Onder bevoorradingsgoederen moet worden verstaan:

  • a.

    proviand (levensmiddelen, dranken en tabaksartikelen);

  • b.

    boordbenodigdheden, zijnde goederen bestemd voor bedrijfsmatig gebruik op schepen. Hieronder worden goederen begrepen die in het vervoermiddel worden verwerkt of daarop blijvend worden aangebracht, en goederen die blijvend deel gaan uitmaken van de losse inventaris van het schip.

  • c.

    goederen, niet zijnde proviand, die door de exploitant van het schip worden aangeschaft voor de verkoop aan passagiers.

Onder schepen wordt in dit kader verstaan:

Zeeschepen en oorlogsschepen.
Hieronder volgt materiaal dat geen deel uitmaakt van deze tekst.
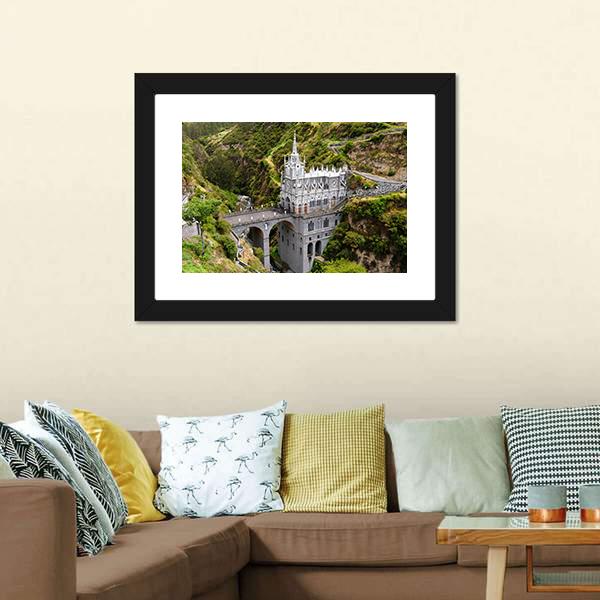 Church Of Las Lajas Canvas Wall Art-1 Piece-Framed Print-20" x 16"-Tiaracle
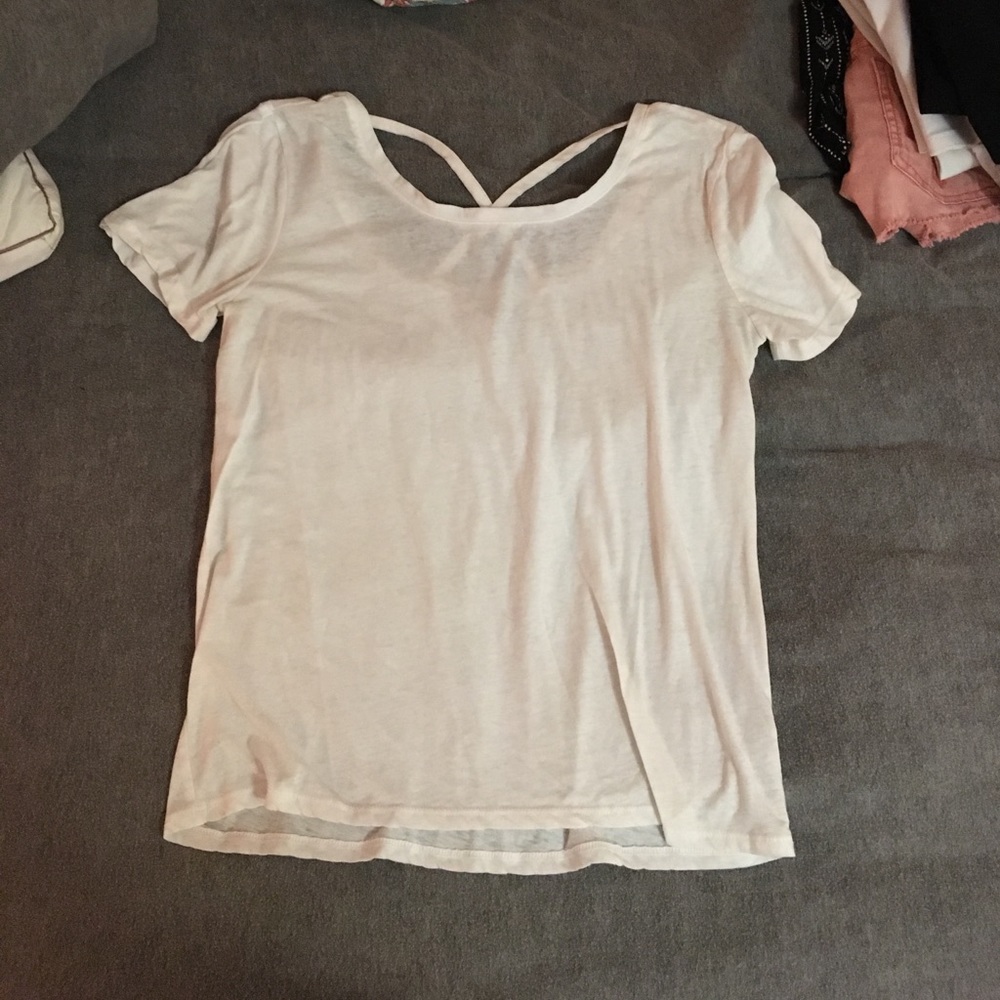white crisscross back tshirt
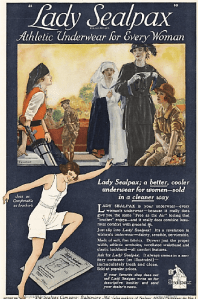 Lady Sealpax underwear ad, leaping woman in underwear under golfer, nurse, and other women.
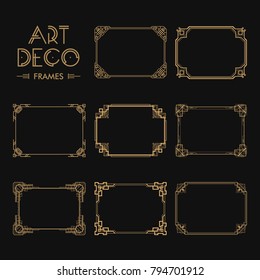 Set of Art deco borders and frames. Creative template in style of 1920s for your design. Vector illustration. EPS 10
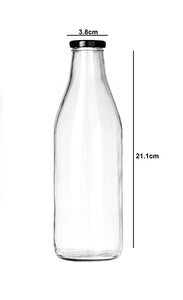 Smartserve Glass Bottle Set (Transparent,500ml) - Set of 6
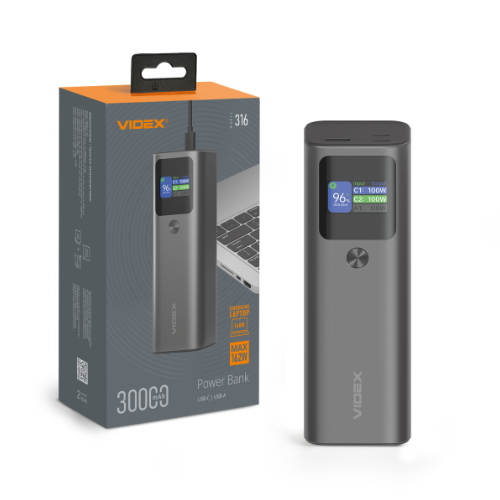 30000mAh Power bank VIDEX VPB-316 PD140W +Display Grey (10шт/ящ), фото 1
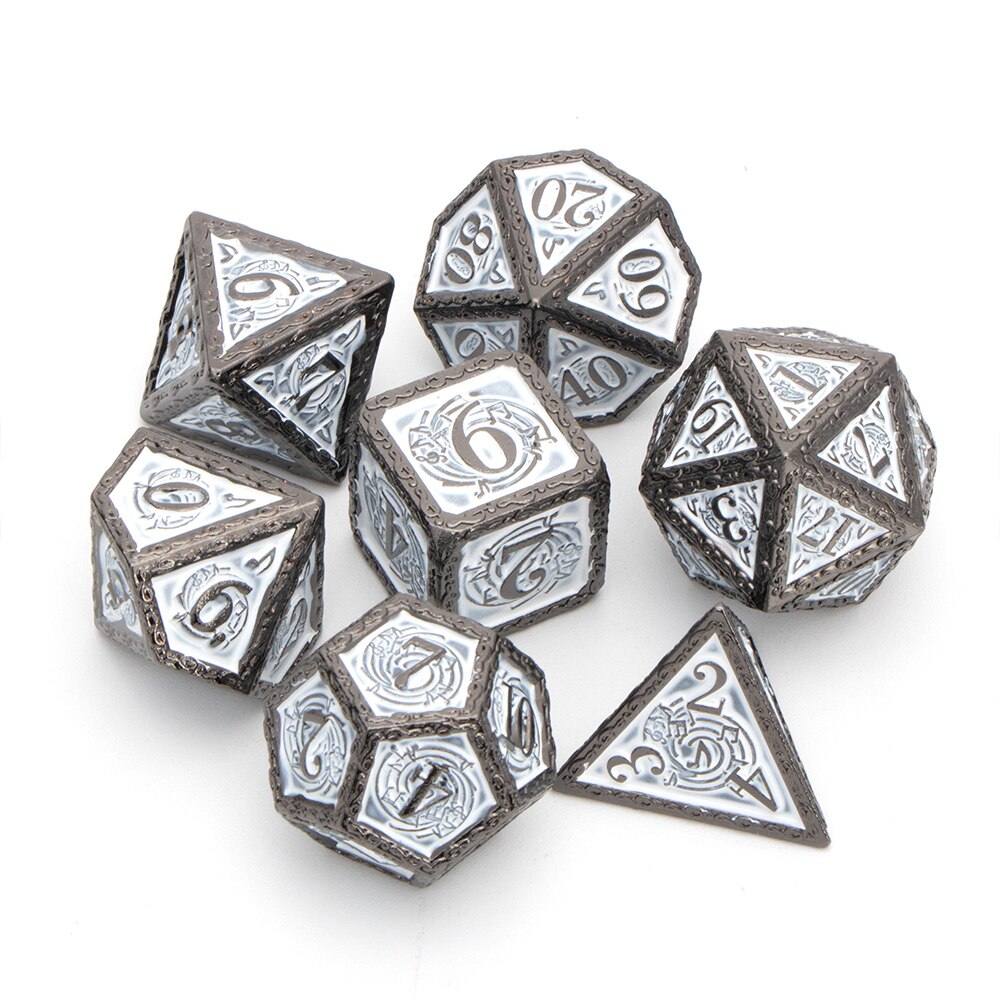 Set di dadi Dnd in metallo dungand Dragon D &amp; d D + d Set di dadi D20 D12 D10 D % D8 D6 D4 MTG Music RPG Polyhedra nero bianco dadi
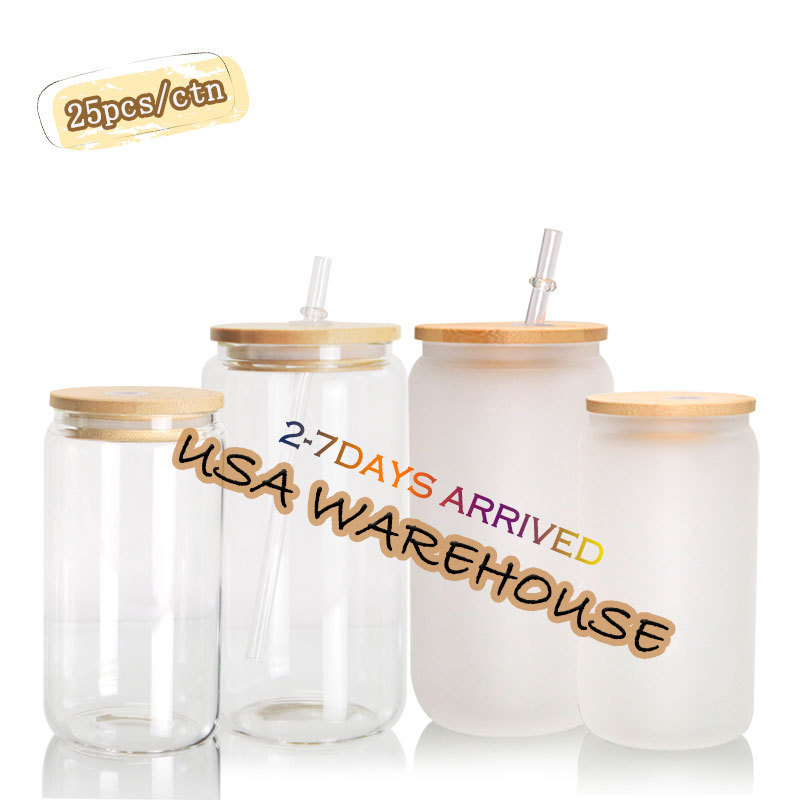 US Warehouse 16Oz 20Oz 25Oz Sublimation Frosted Clear Beer Reusable Double Wall Glass Water Bottle Beer Cans With Bamboo Lid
Hieronder te rangschikken zijn schepen andere dan pleziervaartuigen, ontworpen en gebouwd voor de vaart op volle zee, waarvan de grootste buitenwerks gemeten lengte van de romp 25 meter of meer is. De grootste buitenwerks gemeten afstand word gemeten over een rechte lijn tussen de uiterste punten van de voor- en achtersteven van het schip. Hierbij worden uitstekende delen niet meegerekend. Deze schepen dienen tevens dusdanig gebouwd en uitgerust te zijn dat zij bij moeilijke weersomstandigheden op zee kunnen verblijven.